Wiemy, jak przewidzieć ceny ropy (WYKRES DNIA)

Marek WierciszewskiMarek Wierciszewski
opublikowano: 2012-04-04 11:08

Zastanawiasz się, czy zatankować pełen bak jeszcze przed świętami, czy zaczekać, bo taniej będzie potem? Znamy odpowiedź na to pytanie.
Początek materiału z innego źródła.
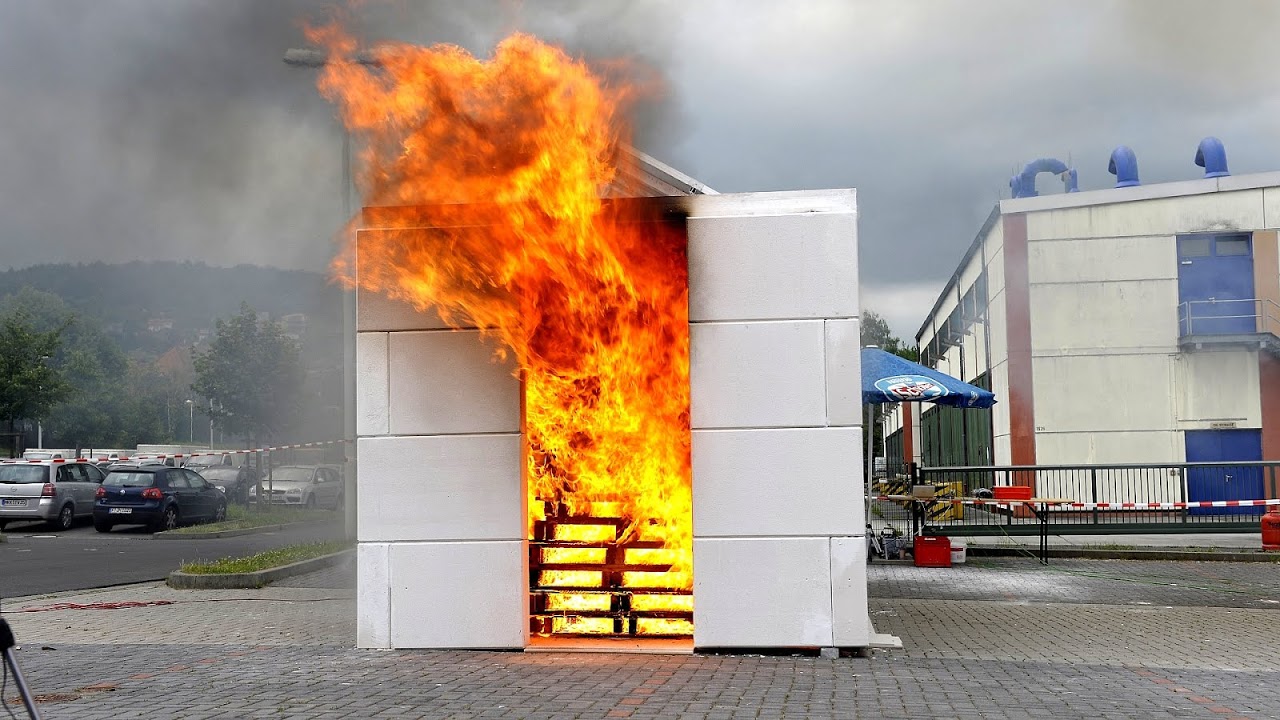 NF P92-507 Sicurezza antincendio - Edilizia - Materiali da costruzione - Uscite antincendio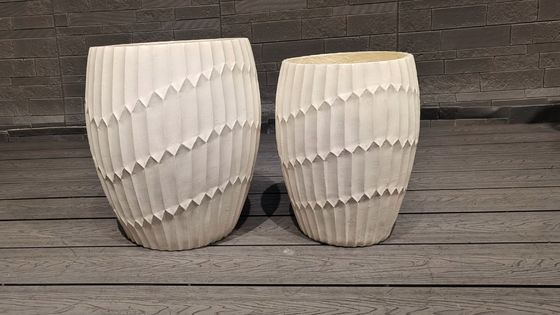 kopen Uniek ontworpen kleiplanter met glad oppervlak en afvoergaten online manufacture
Sposób, jak z 90 proc. dokładnością przewidzieć zmiany cen ropy, odkryli ekonomiści banku Goldman Sachs. Wystarczy na wykres cen surowca nałożyć zachowanie indeksu niespodzianek, jakie sprawiają dane z gospodarki amerykańskiej.

Działanie modelu jest proste jak konstrukcja cepa. Kiedy koniunktura zaskakuje coraz bardziej na plus, ceny paliw rosną. Kiedy gospodarka spowalnia, kolejki na stacjach robią się coraz mniejsze, a ropa tanieje.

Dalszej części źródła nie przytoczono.